Observation data (J2000.0 epoch)
- Constellation: Piscis Austrinus
- Right ascension: 22^{h} 58^{m} 05.9629^{s}
- Declination: −27° 58′ 21.257″
- Redshift: 0.925840
- Heliocentric radial velocity: 277,560 km/s
- Distance: 7.552 Gly
- Apparent magnitude (V): 16.77
- Apparent magnitude (B): 17.34

Characteristics
- Type: Opt. var, LPQ, FSRQ
- Notable features: Gamma ray emitting blazar

Other designations
- LEDA 2831543, WMAP 12, 4FGL J2258.1−2759, 1Jy 2255−282, TXS 2255−282, PMN J2258−2758

= PKS 2255−282 =

Blazar in the constellation Piscis Austrinus

PKS 2255−282 is a blazar located in the constellation of Piscis Austrinus. This is a low-polarized quasar at the redshift of 0.926, first discovered in 1975 by astronomers via a spectroscopic observation. The radio spectrum of this source appears as flat, making it as a flat-spectrum quasar but also a Gigahertz Peaked Spectrum source (GPS) with turnover frequency between 22 and 37 GHz.

== Description ==
PKS 2255−282 is found variable on the electromagnetic spectrum. It is a source of gamma ray activity. Furthermore, it underwent a powerful millimeter wave outburst detected in 1997. During April 1997, its 90 GHz flux density exceeded 8 Jansky (Jy), which was twice the value compared to the prior observation 11 months prior to the outburst. At the end June 1997, the 90 GHz flux reached 10.1 Jy making PKS 2255−282 one of the fewer sources with high detections above 10 Jy.

In December 1997, PKS 2255−282 showed a gamma ray flare which lasted for a period of 2 weeks. During the observations, it remained in a bright state with a total measured flux of (1.6 ± 0.3) × 10^{−6} cm^{−2} s^{−1} and a peak flux of (4.8 ± 1.1) × 10^{−6} cm^{−2} s^{−1}, making this value higher by factor of 20, than the upper limits of its quiescent state. A gamma ray outburst was observed by the Energetic Gamma Ray Experiment Telescope mounted abroad the Compton Gamma Ray Observatory in January 1998. In September 2012, a near-infrared ray was shown to be brightening.

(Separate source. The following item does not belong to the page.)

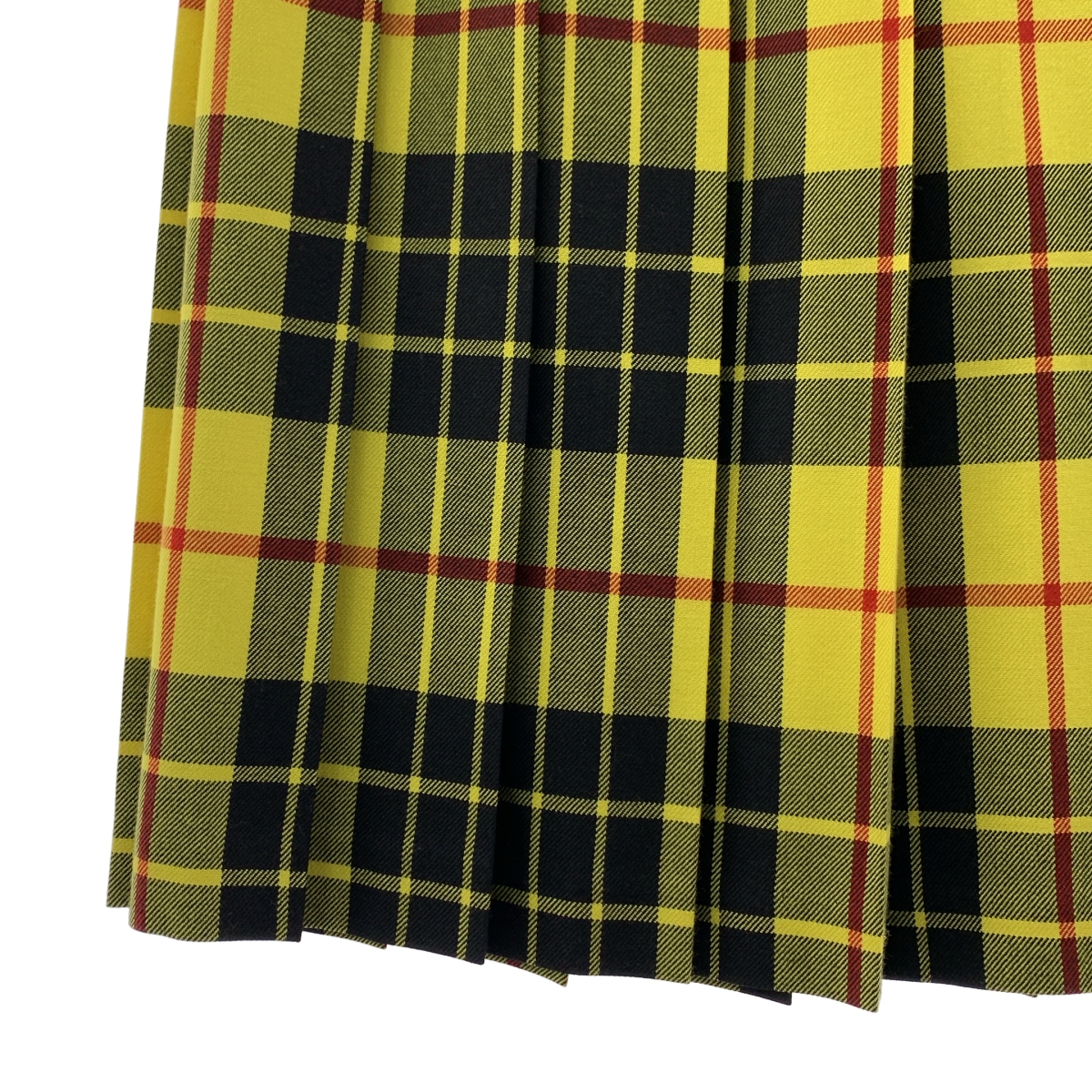 JUNYA WATANABE COMME des GARCONS / ジュンヤワタナベ ウール チェック プリーツ スカート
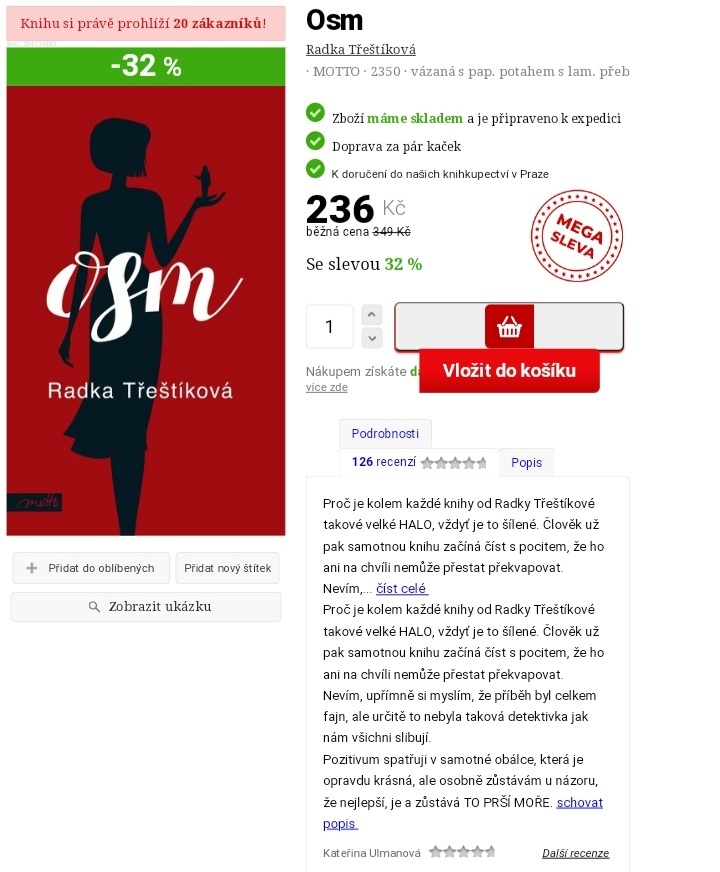 Osm - Radka Třeštíková, Praha 9 - 3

The radio structure in PKS 2255−282 is complex. A 5 GHz radio image of the object made via Very Long Baseline Array, shows a strong bright core component marginally resolved at 2.8 Jy and a short jet extending southwest by 5 mas. However, when shown at higher frequencies, the jet is completely omitted from radio imaging with the core only present at 4.2 and 2.7 Jy. This core is estimated to have a size of 0.2 mas with extended emission in both south and east directions.

A quasi-periodic oscillation was detected in PKS 2255−282 in October 2024 with a period of 97 days. This is possibly explained by a binary black hole system which a model shows a secondary black hole orbiting round the primary black hole before passing through an accretion disk. Quasi-periodic signals have also been detected in this object with three high states showed during 2009–2013, 2017-2021 and in 2023.